Monday, Oct. 01 2012 8:55AM
‘It can wait’
Summit Technology Center students get lesson on texting and driving
By Toriano Porter
A 2009 Virginia Tech Transportation Institute study showed texting was the No. 1 mode of communication for teens – who text on average 60 times a day. The study also showed just one text takes a driver’s eyes off the road for an average of five seconds.
It concluded, at 55 mph, those five seconds are akin to driving the length of a football field completely blind.
Such is life for teen drivers, some who took part in AT&T Home Solutions’ “It Can Wait” texting and driving simulator exhibit Sept. 25. More than 100 students from Summit Technology Academy participated in the exhibit on the company’s parking lot at 777 N.W. Blue Parkway.
“I already know texting and driving is bad,” said Summit Tech junior Coltin Shields, who admitted he still does it from time to time “That simulation really didn’t help me figure that out.

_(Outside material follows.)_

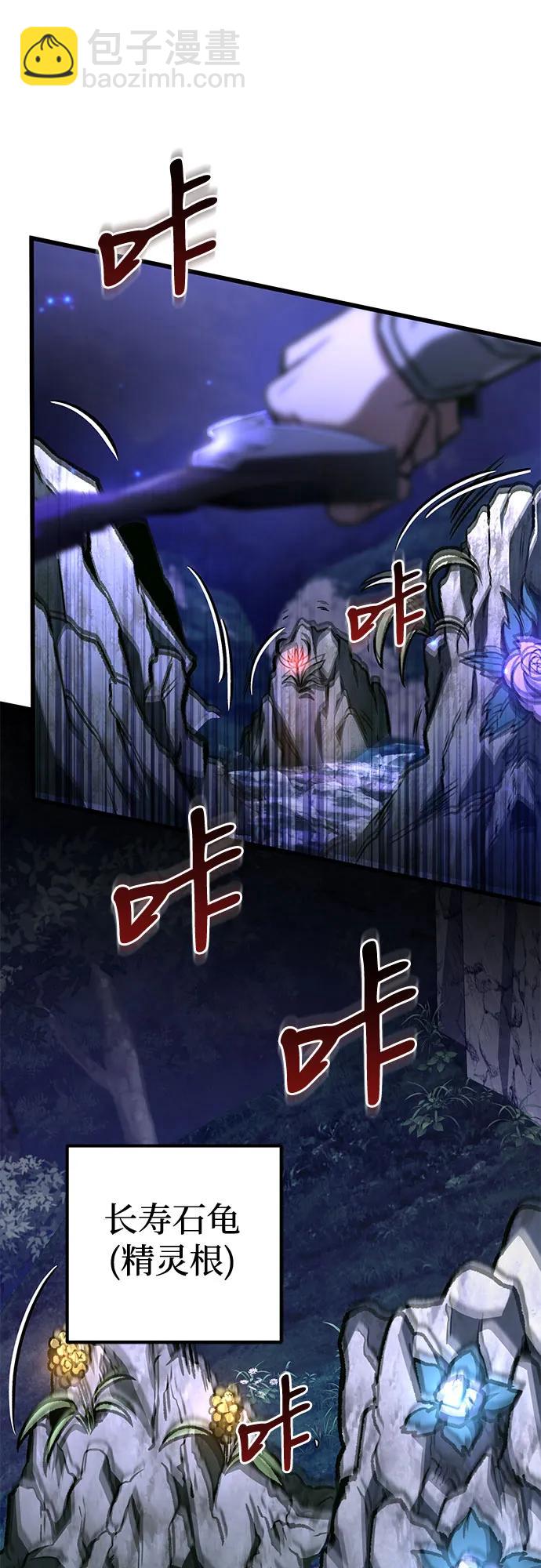 全靠自己的暗殺天才 - 第55話(1/2) - 6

I’ll probably do a lot less texting and driving.”
The simulator was part of AT&T’s “Texting and Driving…It Can Wait” program to educate drivers about the dangers of texting while driving. Also on hand was a seat belt convincer exhibit offered by the Missouri State Highway Patrol that illustrated to participants the impact felt from not having a seat belt on in case of an accident.
That simulation registered only 5 mph upon impact.
“It was a fairly good jolt,” said Shawn Harrel, a digital media technology teacher at Summit Tech. “It really was a fairly significant jolt to where I think any of our kids that did that, and are thinking about not wearing a seat belt, will definitely make a decision to wear that.
Harrel added the exhibit was good for teen drivers ands adults alike.
“The importance of the message of not texting and driving (is) for everybody, not just kids,” Harrel said. “Although it’s geared toward kids, I need to remind myself of that all the time. Whether it’s at a stop light or whether it’s while I’m driving – I think we all have done it.”
“It Can Wait” is a national movement tapping into the power of social media and personal networks to make texting and driving as unacceptable as drinking and driving. It urges drivers to visit www.ItCanWait.com, where they can pledge not to text and drive, and share their pledge with others via Twitter (#ItCanWait) and Facebook.
It also offers a host of educational resources and information on the issue – including a documentary featuring families impacted by texting and driving accidents that has been viewed more than 3 million times.